Visual Studio v120 vs v140 performance, Intel C++ 17

Hans_v_ · ‎06-13-2017

I switched over from Visual Studio 2013 with Intel C++ 15 to Visual Studio 2015 with Intel C++ 17 (rev 4). Since the old compiler is still installed on my system, I can select to build with C++ 17 with "Base Platform Toolset" v120 in Visual Studio 2015.

What I'm seeing is that Visual Studio 2015 + C++ 17 + v140_xp gives me nearly exactly the same performance as Visual Studio 2013 + C++ 15 + v120_xp. Oddly however, if I replace v140_xp by v120_xp, the performance improves by 2-3%. I've repeated this test multiple times and each time I'm finding improvement numbers between 1.8 and 3.7%.

I can imagine that certain Windows calls could have gotten more or less expensive, but the code that's affected by this is calculation-heavy code. Now, I could just choose to compile with v120_xp, but that has several drawbacks. I upgraded to the new Visual Studio because of a bug fix in the std::chrono library, which of course isn't available in v120. And some of my projects have link errors when using v120_xp (which I can fix by linking to some v140 libraries, but that feels extremely scary).

2-3% isn't much, but it's a shame to loose performance for no good reason. So I was hoping that someone here could give some insight in how the Base Platform Toolset can affect the performance of calculations.

(Note: This is a project of 7 MB, so I really can't post an example file).

Hans_v_ · ‎06-14-2017

Interestingly, I found out that some of my algorithms are affected far more than others. I found one that's 10% slower with v140 than v120, and it's to also be about 10% slower than with the old compiler (with v120 for both they are the same). A lot of algorithms appear to be exactly the same on both. Now, oddly, there is nothing in this algorithm that should be using anything in the runtime.

Hans_v_ · ‎06-14-2017

Found it. Something changed in the definition of fabs() between v120 and v140, and the Intel compiler isn't generating a single AND anymore but a convert to double, then an and, and then a convert back to float.

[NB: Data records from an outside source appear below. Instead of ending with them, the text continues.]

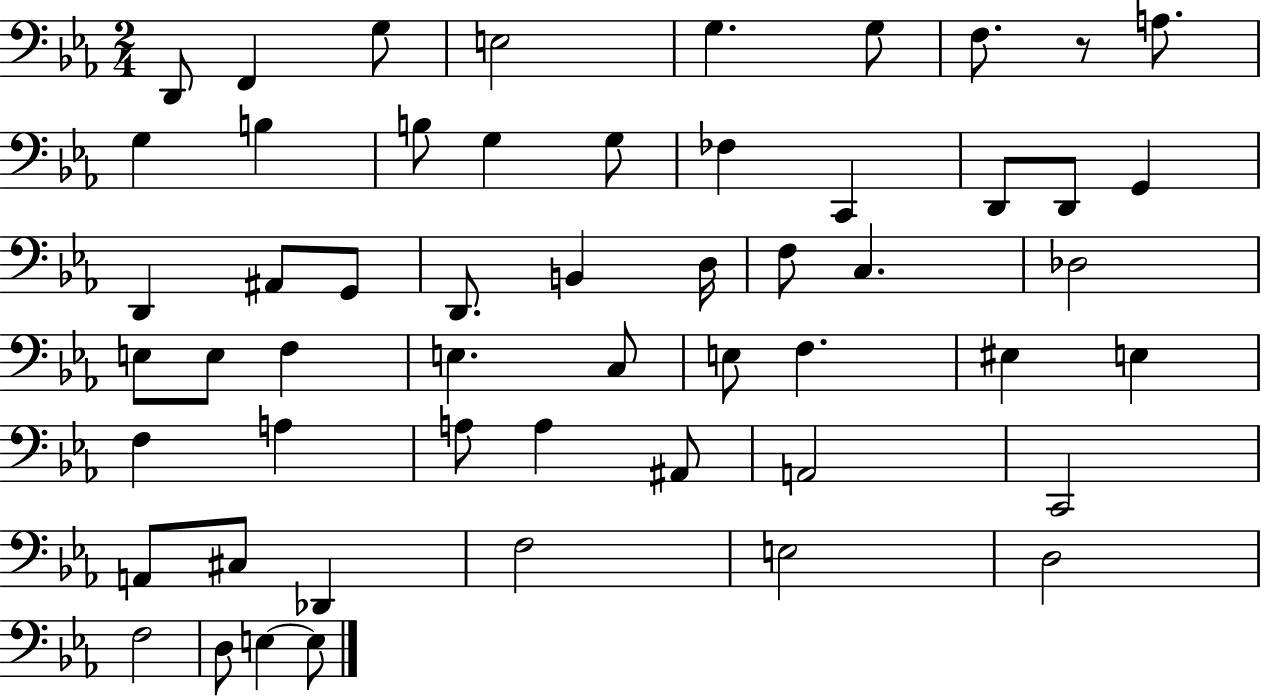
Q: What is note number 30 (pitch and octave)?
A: F3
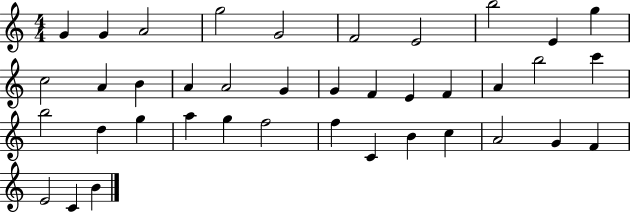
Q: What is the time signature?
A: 4/4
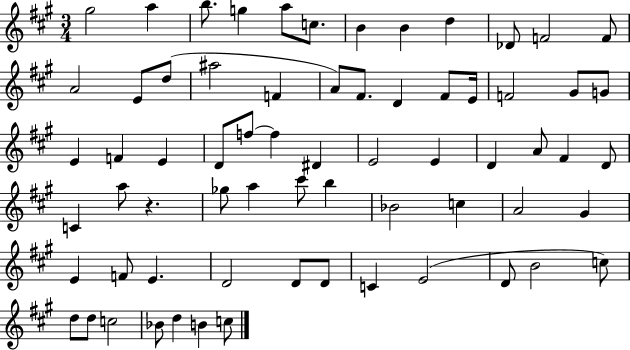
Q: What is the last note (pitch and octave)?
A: C5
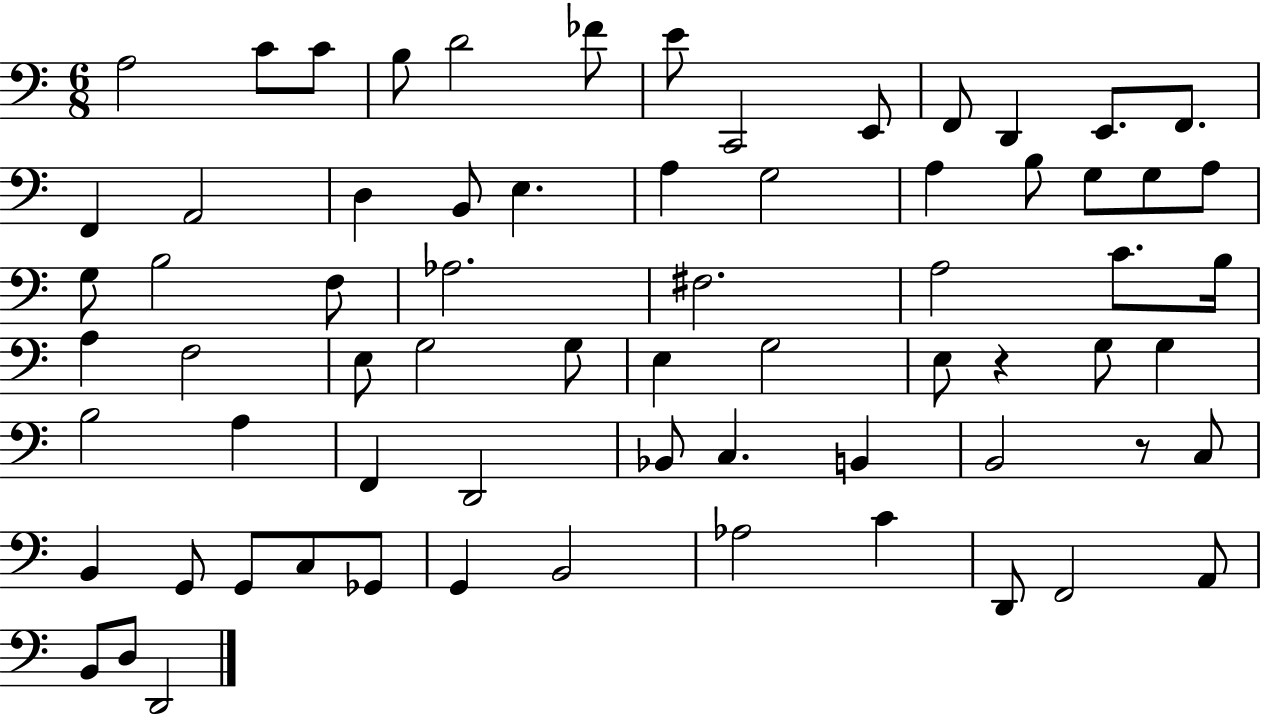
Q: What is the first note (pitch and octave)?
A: A3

Temporary solution, where you have to use 'habs' instead of 'fabs' (and it will give you an error if you use fabs anyway):

#if __INTEL_COMPILER == 1700
__forceinline float habs(const float f)
{
    return (f >= 0) ? f : -f;
}
__forceinline double habs(const double f)
{
    return (f >= 0) ? f : -f;
}
#define fabs error
#else
#define habs fabs
#endif

TimP · ‎06-14-2017

If you don't intend cast to double, you should use fabsf(). Recent changes in c++ have taken away some type generic functionality. I haven't seen adequate discussion of this.

Hans_v_ · ‎06-14-2017

Hm, I just tried fabsf instead of my habs and it's generating a function call everywhere I use it:

        fstp      DWORD PTR [92+esp]                            ;786.14[spill]
;       fabsf(float)
        call      _fabsf                                        ;786.14

while my habs() generates this:

        vandps    xmm0, xmm0, XMMWORD PTR [_2il0floatpacket.50] ;786.14

(The ps here might seem to indicate that it's also vectorizing but that's not true).

Hans_v_ · ‎06-14-2017

Are there more such changes? I seem to have one thing left that's making my new version slower, I kinda know where to look for it but any hint would help.

Hans_v_ · ‎06-14-2017

rand() got a lot slower. And I use it for dithering. I'll replace it by a lookup table.